The archbishop then turned back to the “essential pillar” of human rights, exploring them in more detail. The rights to life, religious freedom, and of thought and expression are three primary rights which the U.N. must enforce in all countries as fundamental to human existence.  

“Every Government must clearly understand: violation of the fundamental rights of the person cannot be removed from the attention of the international community under the pretext of the inviolability of a State’s internal affairs,” he said.

The archbishop noted that, “even among States sitting on the Human Rights Council,” fundamental rights in several nations are not being protected.

The place of religion

The Vatican representative noted that although religion can be exploited for political end in some cases, it is the firm belief of the Holy See that, “at its best, truest and most authentic, religion is a vital force for good, for harmony and for peace among peoples.”

Noting interreligious days of prayer for peace called by both Pope John Paul II and Benedict XVI, Lajolo pointed out that, “in this last generation, the world’s religions, their leaders and their adherents have shown themselves time and again to be willing to dialogue and to promote harmony among peoples.”

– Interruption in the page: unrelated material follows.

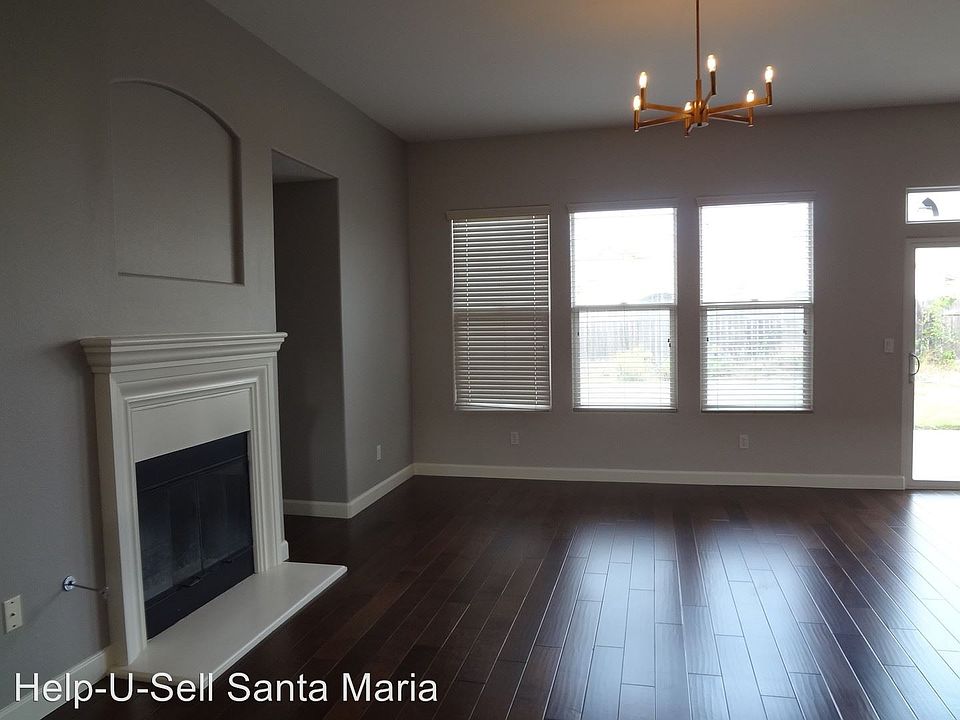 1st image of 1611 S Belmont Ct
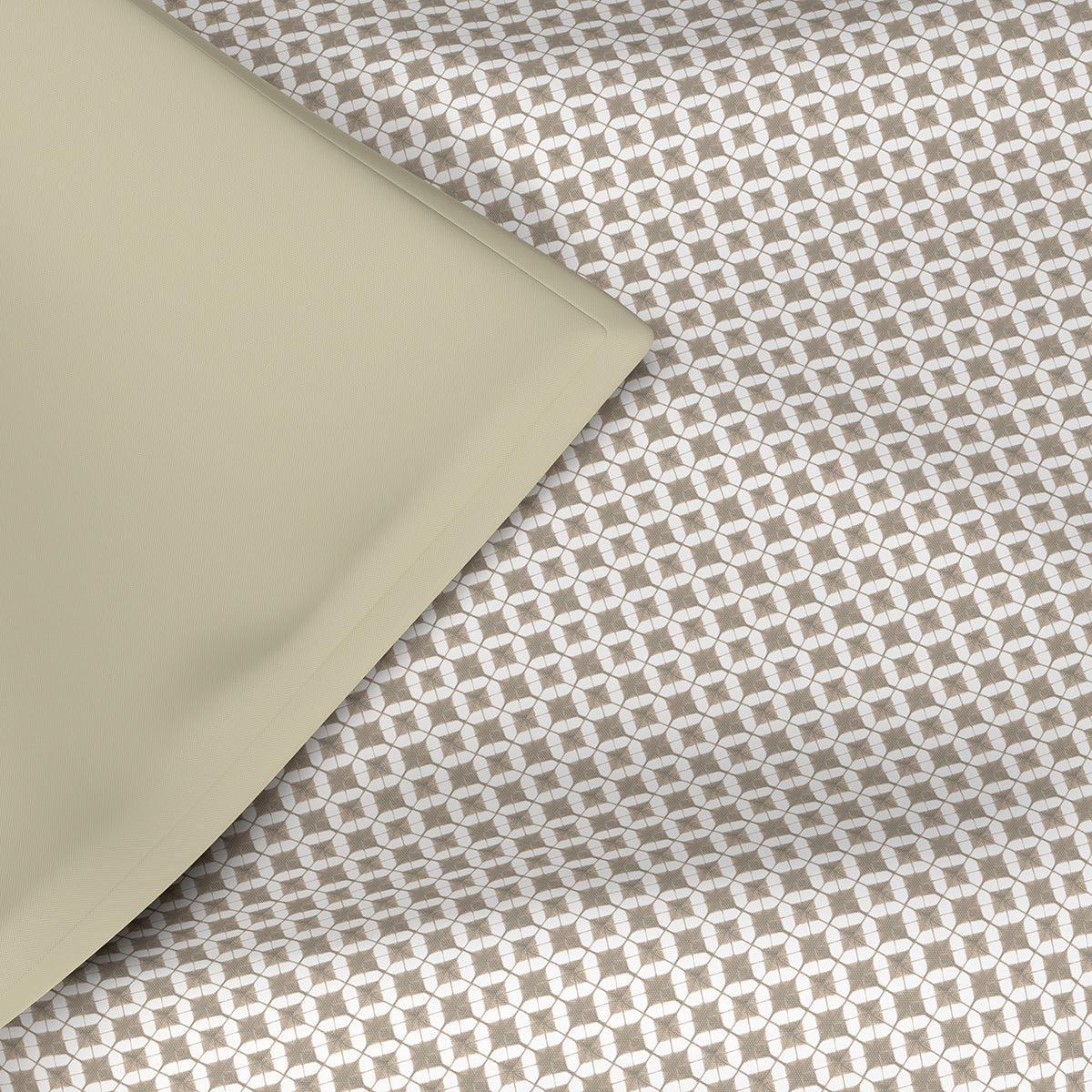 Hermosa Exotic Bouquet Elaine Neutral Quilt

Archbishop Lajolo then turned specifically to the recent words of Pope Benedict, which have been misunderstood by many in the Muslim world and have been used to spark violent protests resulting in threats of “holy war,” the destruction of Christian churches and even the death of a religious sister.  Lajolo began by pointing out that the Pope has “expressed sadness that some passages in his academic address could have lent themselves to misinterpretation.”

The real intention of the Holy Father, the archbishop continued, was to explain that, “’not religion and violence, but religion and reason go together’, in the context of a critical vision of a society which seeks to exclude God from public life.”

“Two days ago, while receiving the Ambassadors of OIC countries accredited to the Holy See, he added: ‘The lessons of the past must… help us to seek paths of reconciliation, in order to live with respect for the identity and freedom of each individual, with a view to fruitful cooperation in the service of all humanity…respect and dialogue require reciprocity in all spheres, especially in that which concerns basic freedoms, more particularly religious freedom,’” Lajolo said.

Archbishop Lajolo indicated that it was the wish of the Pope to point out both that religiously motivated violence and the exclusion of religion form the political life must be rejected.  “The Holy Father, in defending the openness of political and cultural activity to the Transcendent, did not wish to do anything other than make a decisive contribution to the dialogue between cultures, by helping to open western thought to the riches of the patrimony of all religions, he said.”

“It falls to all interested parties – to civil society as well as to States - to promote religious freedom and a sane, social tolerance that will disarm extremists even before they can begin to corrupt others with their hatred of life and liberty,” this Lajolo concluded, will help bring peace.